If left untreated, cataracts can lead to total blindness.
Wilkins told DailyMail.com that she has some experience with cataracts because she had them herself as a baby.Insurance Loans Mortgage Attorney Credit Lawyer
'A family friend noticed something was wrong,' she said.
'She told my mom: "Something is wrong with that baby's eyes." So my mom made an appointment with the doctor and they told her: :We need to do surgery."'
Wilkins was between two and three months old when she had her cataracts removed, but she wasn't even aware of the operation until years later when her mother told her.
But her dealings with cataracts would come back sooner than she expected when gave birth to her son, Da-rell, in 2008.

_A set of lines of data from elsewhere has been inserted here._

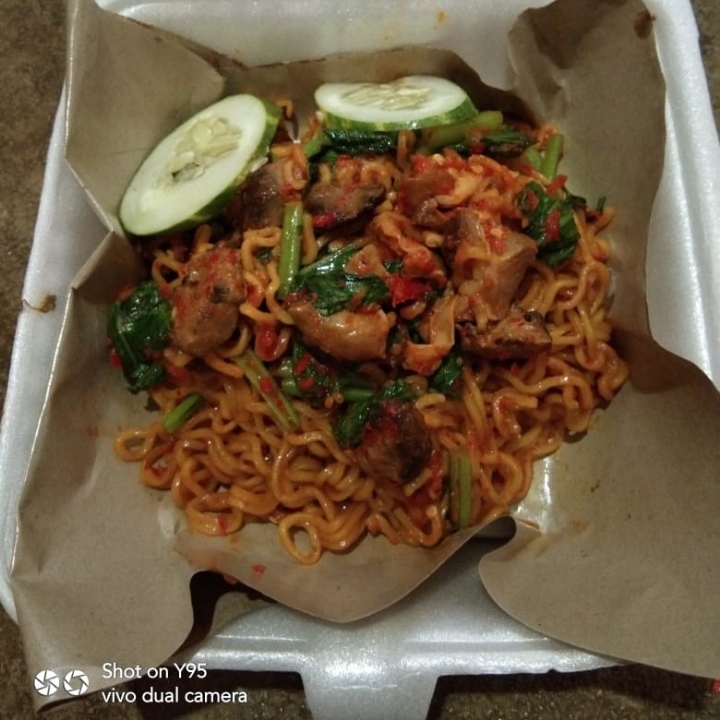 Indomie Goreng Ampela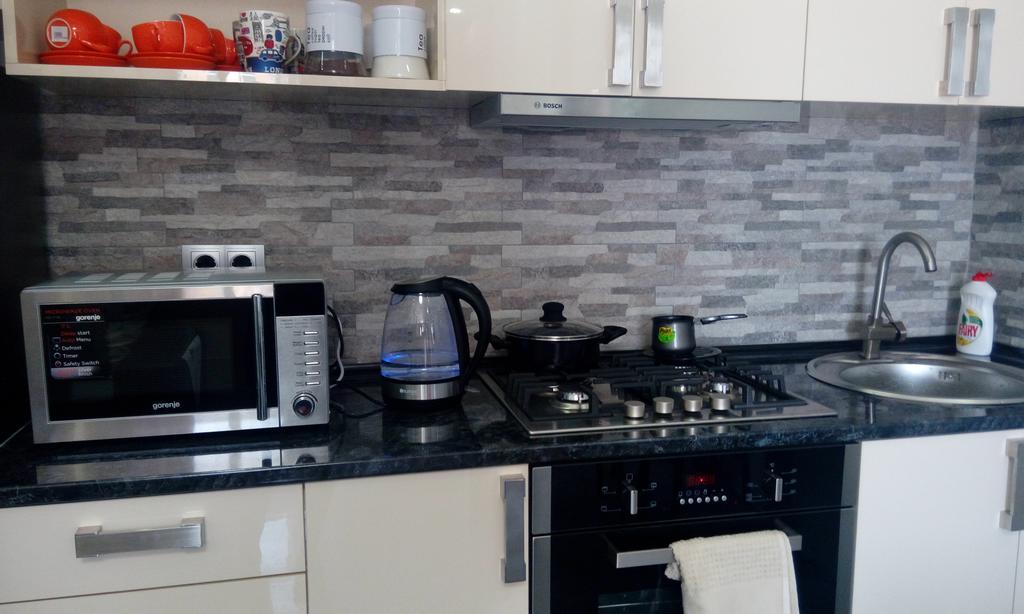 Apartament Gia Batoemi Buitenkant foto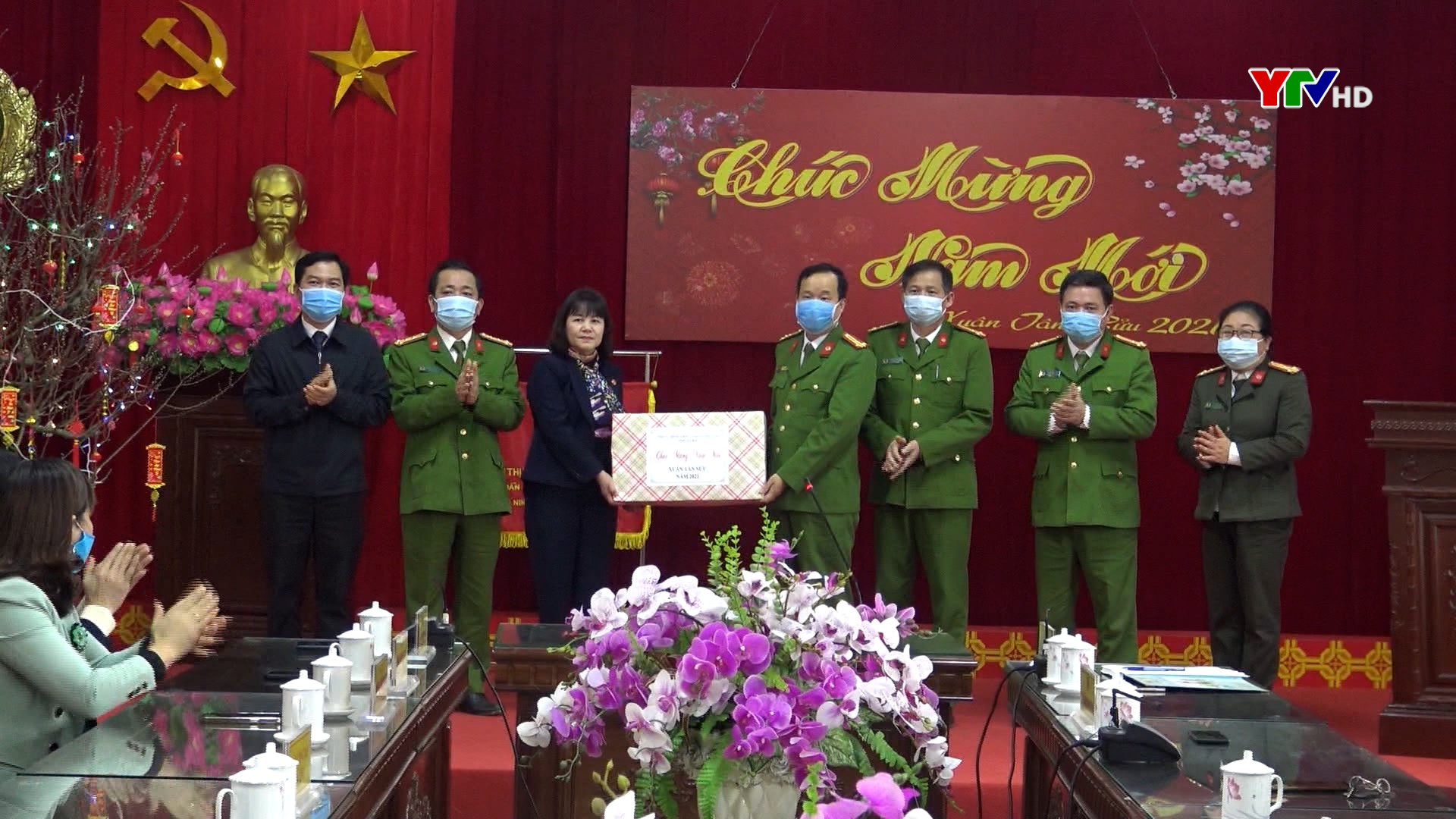 Đồng chí Phó Chủ tịch HĐND tỉnh Hoàng Thị Thanh Bình chúc Tết tại thị xã Nghĩa Lộ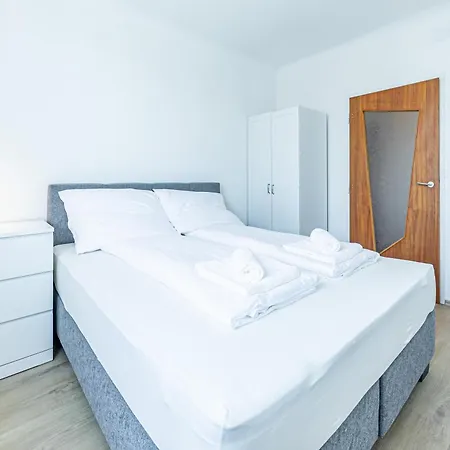 Peaceful & Connected By Jr Apartment *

'I knew about my cataracts so I asked the first doctor at the hospital if [my son] had [cataracts] and he said he had it,' she said.
After being initially dismissed over her twins' vision, Wilkins demanded a referral and was sent to New York Eye & Ear Infirmary of Mount Sinai. Pictured: Wilkins holding one of her twins shortly after they were
'But then I asked a second doctor and he said [my son] didn't have them.'
Wilkins spent several years going to different doctors trying to get a definitive answer on whether or not Da-rell had cataracts.
Some doctors told her her son had them, some said he didn't have them and others said they weren't sure.
'It became frustrating - I had to take a break from going to the doctor,' she said.
'How can I know what they are? I was a baby myself when I had them. I wanted to educate myself so I read everything about them that I could.'
Finally, when Da-rell was five years old, he was referred to New York Eye & Ear Infirmary, where it was confirmed that he did in fact have cataracts.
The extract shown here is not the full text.